Si Lolita est aujourd’hui entré dans le langage courant, ce n’était pas le cas dans les années 60 et c’est bien le roman et le films qui sont à l’origine de son utilisation et de sa signification. Car l’œuvre raconte l’histoire du professeur Humbert louant une chambre chez une veuve esseulée. Rapidement il tombe sous le charme de la fille orpheline et va même jusqu’à épouser sa mère pour rester à ses côtés. Bien consciente du manège qui se trame, la gamine va jouer avec les nerfs d’Humbert.
En adaptant le livre sulfureux de Nabokov, on pouvait s’attendre à un drame érotique mais Kubrick va prendre une toute autre direction, laissant tomber la narration à la première personne (qui ne sera reprise qu’à certains passages, lorsque Humbert écrira son journal intime) et surtout adoptant finalement un ton plutôt chaste pour privilégier la satire sociale et un portrait grinçant de la société américaine et de son puritanisme de façade. Ainsi, le réalisateur n’hésite pas à prendre le ton de la comédie et à jouer avec les désirs de son héros pathétique pour nous montrer une Amérique bien plus volage qu’elle ne voudrait le croire. Une veuve prête à sauter sur le premier homme qui s’aventure chez elle, un homme devenu figure paternelle dévoré par le désir interdit, jeune fille en fleur flirtant avec le désir .. tout cela entraine mort et perdition.

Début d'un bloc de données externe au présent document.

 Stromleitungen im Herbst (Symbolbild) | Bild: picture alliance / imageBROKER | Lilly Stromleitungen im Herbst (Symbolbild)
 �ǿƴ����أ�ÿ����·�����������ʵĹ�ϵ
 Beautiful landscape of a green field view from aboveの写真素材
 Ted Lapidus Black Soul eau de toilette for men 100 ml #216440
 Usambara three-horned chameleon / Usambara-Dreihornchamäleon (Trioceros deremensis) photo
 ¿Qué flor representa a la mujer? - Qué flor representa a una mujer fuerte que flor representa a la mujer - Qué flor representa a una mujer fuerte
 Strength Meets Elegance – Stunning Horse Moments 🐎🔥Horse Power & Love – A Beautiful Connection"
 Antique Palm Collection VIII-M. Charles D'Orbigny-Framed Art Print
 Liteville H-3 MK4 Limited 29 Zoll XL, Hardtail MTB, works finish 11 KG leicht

Mais en plus de mettre l’Amérique face à ses contradictions avec un cynisme mordant, le réalisateur dresse aussi le portrait d’un homme complexe, dévoré par le désir charnel, la passion et l’interdit. A ce titre, James Mason se montre particulièrement brillant, jouant à la fois sur la façade adorable et paternelle d’un homme pourtant égoïste et pathétique. Le plus intéressant est même de remarquer à quel point le personnage de Quilty (campé par l’inénarrable Peter Sellers) est aussi une certaine forme de sa conscience moralisatrice l’empêchant de passer. De simple rival en fin de roman, il devient donc une composante multi-facette du personnage de Humbert dont l’omniprésence intrigue sans cesse.

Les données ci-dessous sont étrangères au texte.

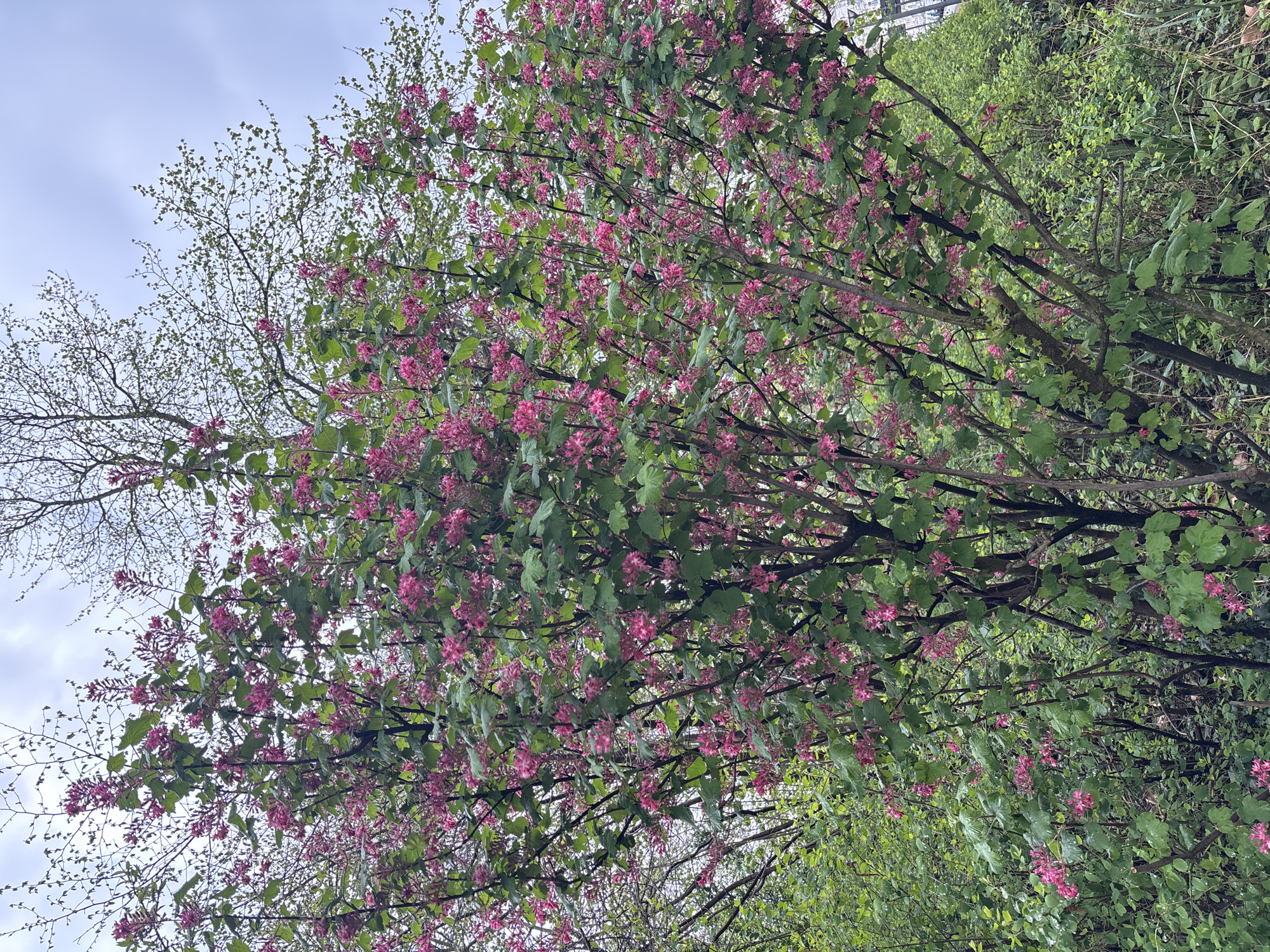 Spring blooms and architecture documented in Antwerp streets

Si Kubrick a largement diminué la dimension érotique du matériau original, le désir n’en est pas moins présent et cette tension occupe en permanence l’esprit de Humbert et donc du spectateur. Le réalisateur, sans le montrer est provocant mais de manière subtile, sans démonstration, seulement à travers quelques gestes, regards et surtout intentions. Mais cette discrétion peut aussi provoquer l’effet inverse et presque faire de Lolita un récit moralisateur en ce sens où les personnages qui vont succomber au pêcher seront punis soit par la mort ou par la loi. Mais cela ne nuit pas à l’intérêt du film qui nous offre une vision bien différente de la banlieue américaine bienséante.

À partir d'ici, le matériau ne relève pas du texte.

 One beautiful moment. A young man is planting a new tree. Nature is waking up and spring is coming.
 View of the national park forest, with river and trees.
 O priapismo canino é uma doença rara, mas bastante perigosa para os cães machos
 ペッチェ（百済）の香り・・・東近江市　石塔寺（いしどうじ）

Malgré les précautions prises par le réalisateur, le film créé le scandale outre atlantique et sera censuré par la critique. Le réalisateur est à deux doigts de regretter d’avoir tourné le film, d’autant plus que les critiques sont partagées, entre ceux qui ne retrouvent pas l’érotisme du roman et les autres outrées par le propos du film. Il faudra des années avant que le film ne se fasse sa place. Mais cela n’empêche pas la jeune Sue Lyon d’obtenir un Golden Globe pour sa prestation aux côtés de James Mason et Peter Sellers. Quand à Stanley Kubrick, il poursuivra sa foulée cynique avec Docteur Folamour.